On the unexpected backlash against Adipurush
Madhavankutty Pillai Madhavankutty Pillai | 23 Jun, 2023
AK RAMANUJAM IN his essay ‘Three Hundred Ramayanas’ lists the many ways in which the myth has been retold during its extraordinary spread. He says: “Just a list of languages in which the Rama story is found makes one gasp: Annamese, Balinese, Bengali, Cambodian, Chinese, Gujarati, Javanese, Kannada, Kashmiri, Khotanese, Laotian, Malaysian, Marathi, Oriya, Prakrit, Sanskrit, Santali, Sinhalese, Tamil. Telugu, Thai, Tibetan—to say nothing of Western languages. Through the centuries, some of these languages have hosted more than one telling of the Rama story. Sanskrit alone contains some twenty-five or more tellings belonging to various narrative genres [epics, kavyas or ornate poetic compositions, puranas or old mythological stories, and so forth]. If we add plays, dance-dramas, and other performances in both the classical and folk traditions, the number of Ramayanas grows even larger.”

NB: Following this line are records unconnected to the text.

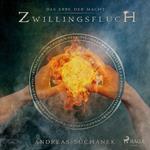 Das Erbe der Macht - Band 11: Zwillingsfluch (Urban Fantasy)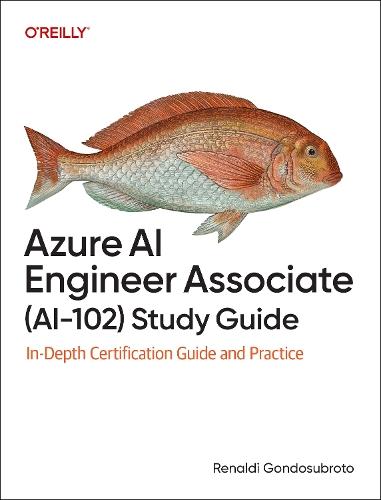 Azure AI Engineer Associate (AI-102) Study Guide: In-Depth Certification Guide and Practice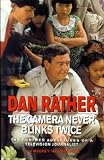 Camera Never Blinks Twice: The Further Adventures of a Television Journalist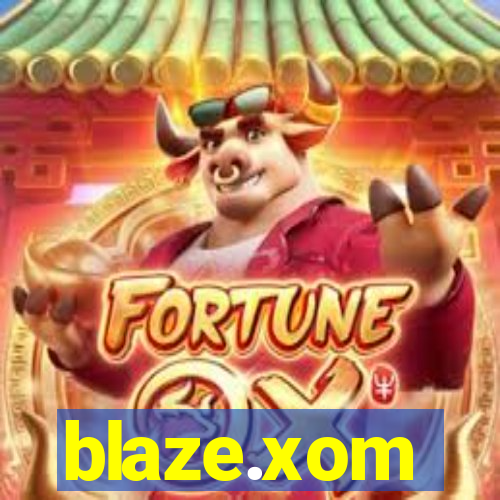 blaze.xom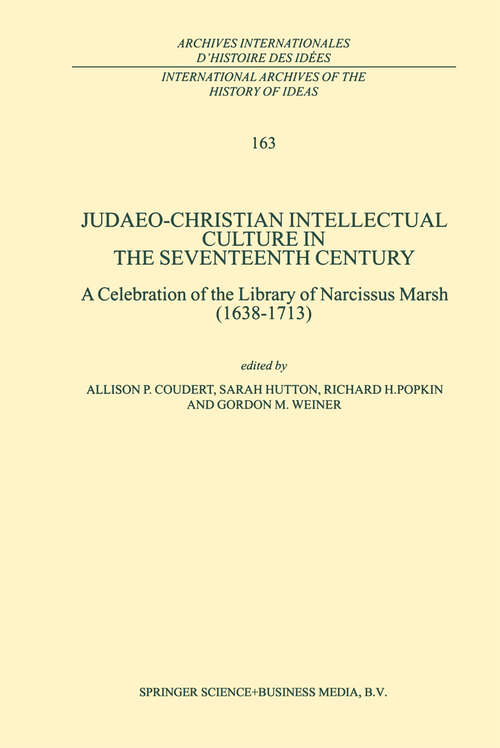 Book cover of Judaeo-Christian Intellectual Culture in the Seventeenth Century: A Celebration of the Library of Narcissus Marsh (1638–1713) (1999) (International Archives of the History of Ideas   Archives internationales d'histoire des idées #163)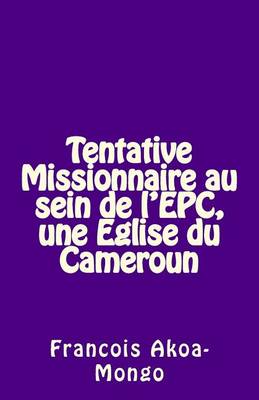 Book cover for Tentative Missionnaire au sein de l'EPC, une Eglise du Cameroun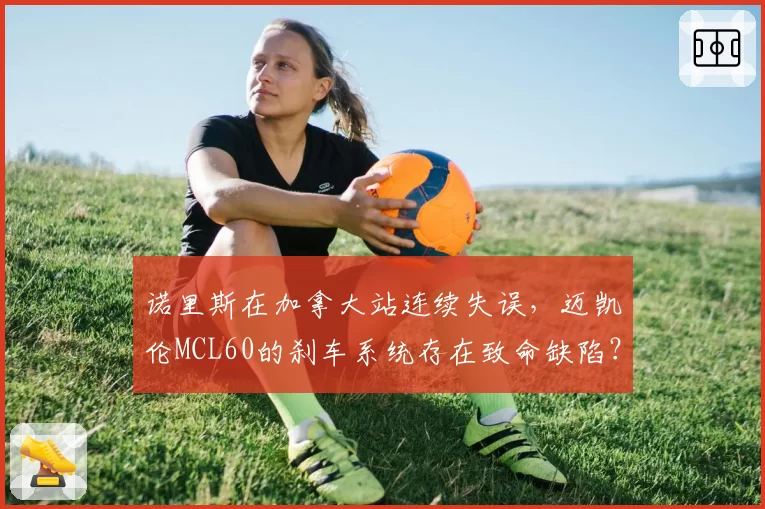 诺里斯在加拿大站连续失误,迈凯伦MCL60的刹车系统存在致命缺陷?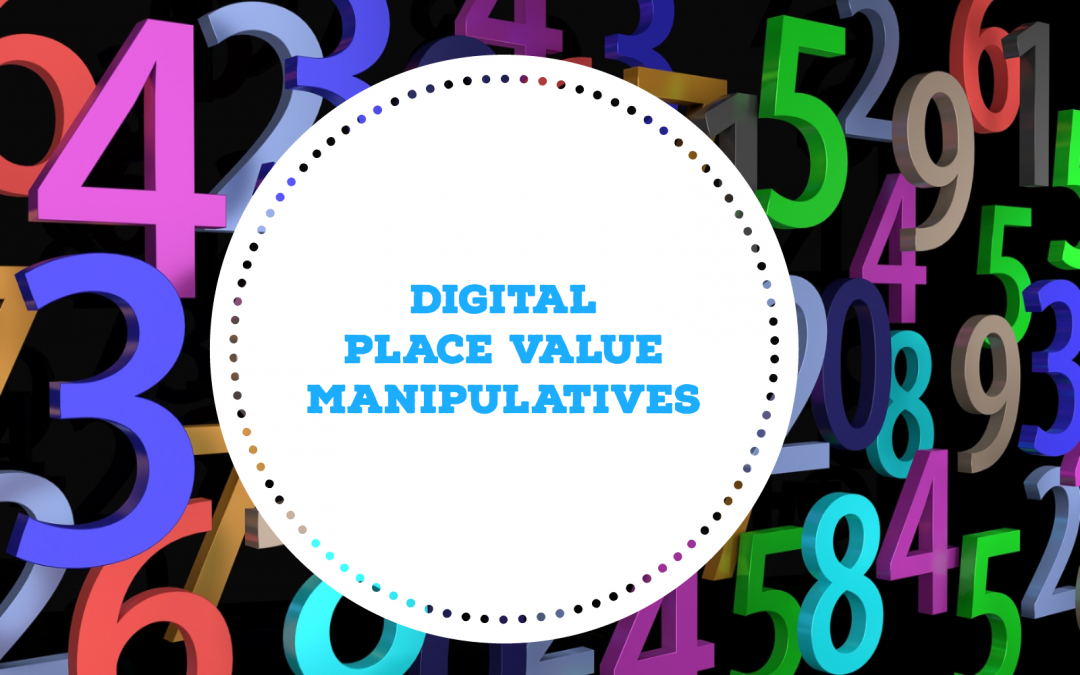 Place Value Digital Manipulatives
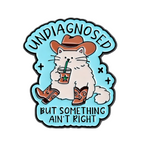 Undiagnosed But Something Ain't Right Pin Badge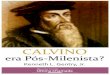 CALVINO - Revista Cristã Última Chamada · predestinação ou pelo chamado “calvinismo”. Calvino foi um grande e perspicaz escritor, produziu comentários sobre a maioria dos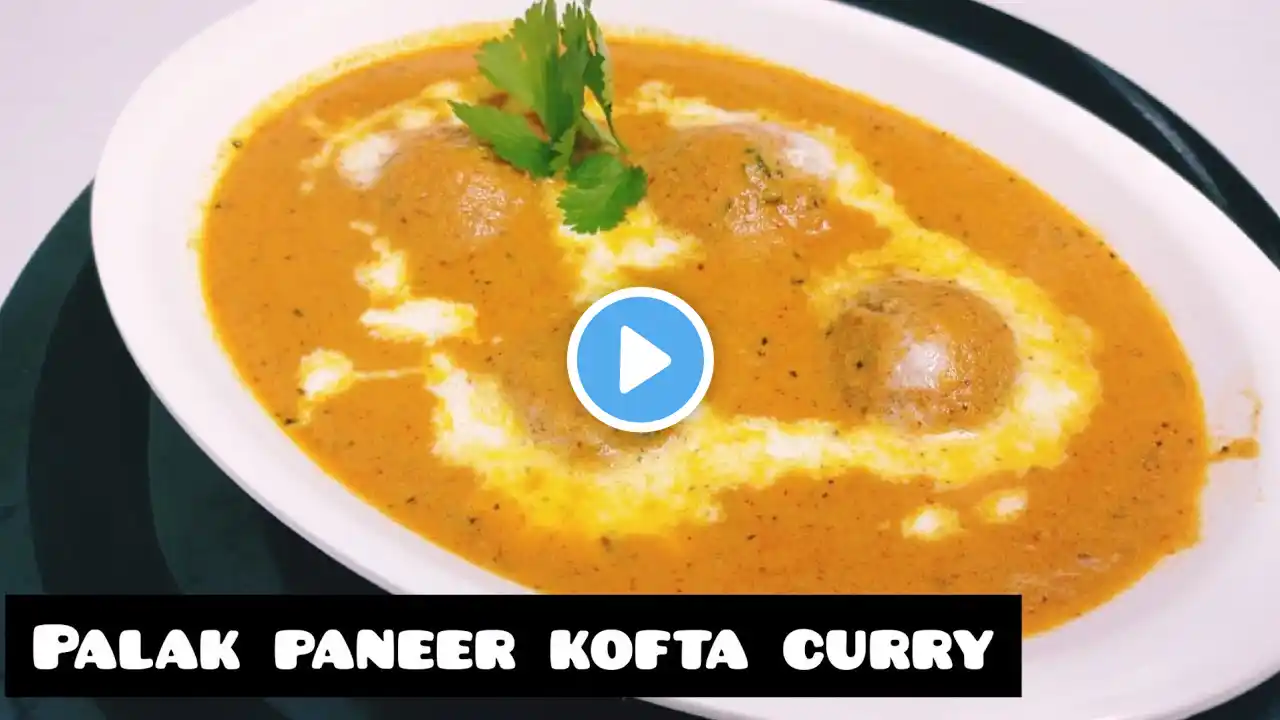 Palak Paneer kofta Recipe/ रेस्टोरेंट स्टाइल पालक पनीर कोफ़्ता बनाने की विधि/Vegetable Kofta Recipe/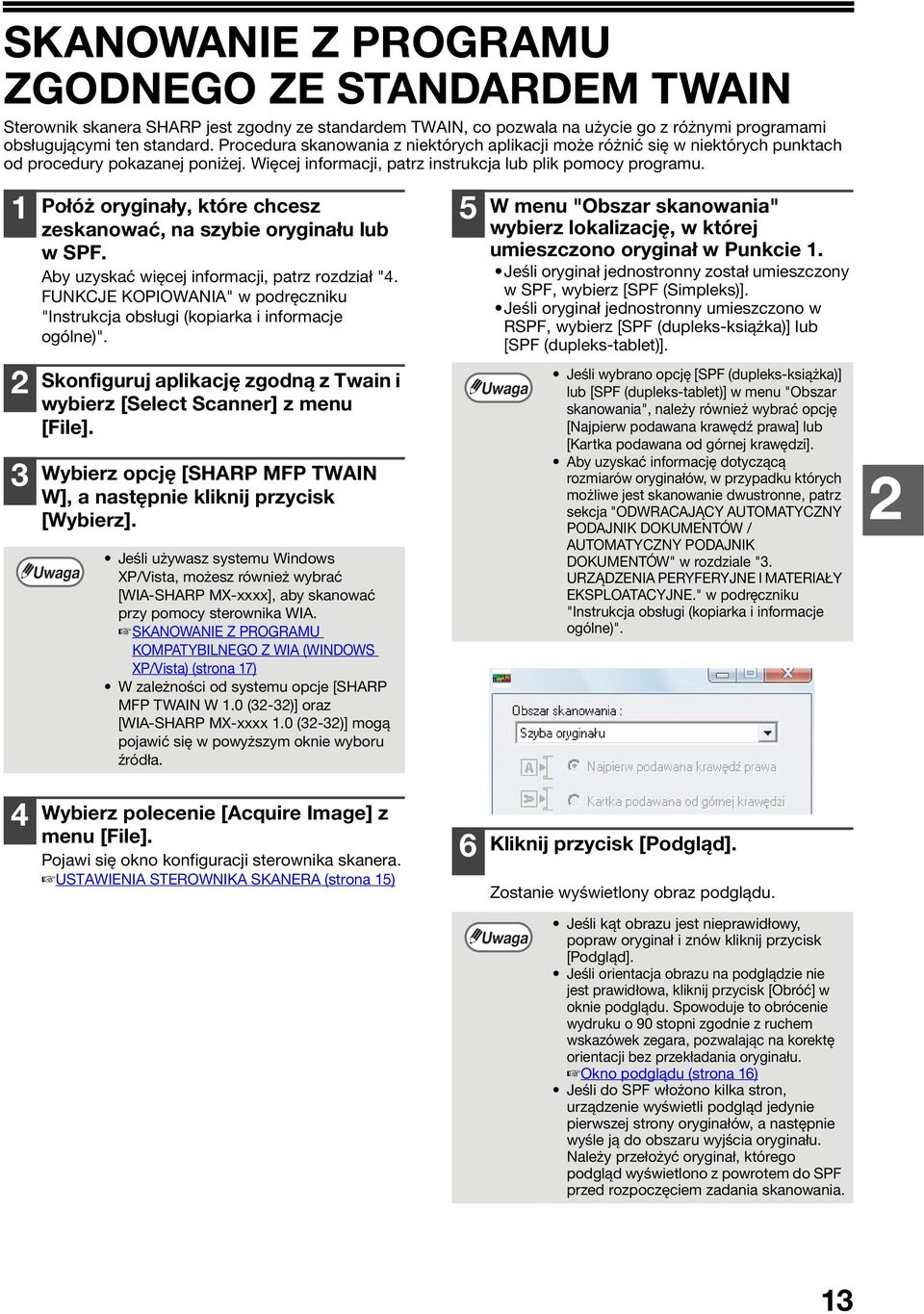 1 2 3 Połóż oryginały, które chcesz zeskanować, na szybie oryginału lub w SPF. Aby uzyskać więcej informacji, patrz rozdział "4.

When the movie Adipurush gets a backlash because of the liberties it takes with the dialogues in its telling of the Ramayana, you have to ask: just what is it that it is not being true to? In every retelling of the epic, something is added, interpreted or removed. Between Valmiki and Tulsidas, there is an enormous gulf of interpretation and both remain just as legitimate. The Ramayana is not a static text, it becomes relevant to the present because it allows for new authors to bring in their versions. It jumped mediums effortlessly, first with movies and then into television with the Ramanand Sagar version, which also is his vision of what the story should be. More have followed since then, until Adipurush.
The movie might be clumsy and silly but that is how the overwhelming number of movies that hit the screen in India are. That the way some characters speak reek too much of pedestrian Bollywood fare can’t be a basis for demanding that such a movie should never be made. Otherwise there can only be one version of the Ramayana but without specifying what that is. Perhaps the model being asked for is the Ramanand Sagar one, but what makes that the authentic one?
The irony here is that the filmmakers were catering to precisely the same people who are now against them. They made the rounds of the political and cultural personalities identified with Hindu leadership. They cosied up in the right direction on media and social media, said all the appropriate things. And, even now, there is hardly any claim that the dialogues outrightly insult the text, just that it is crass and, therefore, unworthy.
You can get a sense of how the tide has turned against Adipurush in bizarre headlines that say the movie made `400 crore, and how it has bombed despite acknowledging this number. Even the meaning of hits and flops can be relative once the public relations battle is lost. What this episode tells us most is what we have known all along—venture into areas like mythology or history with movies or books at your own risk. There is no predicting what is right or who will take offence.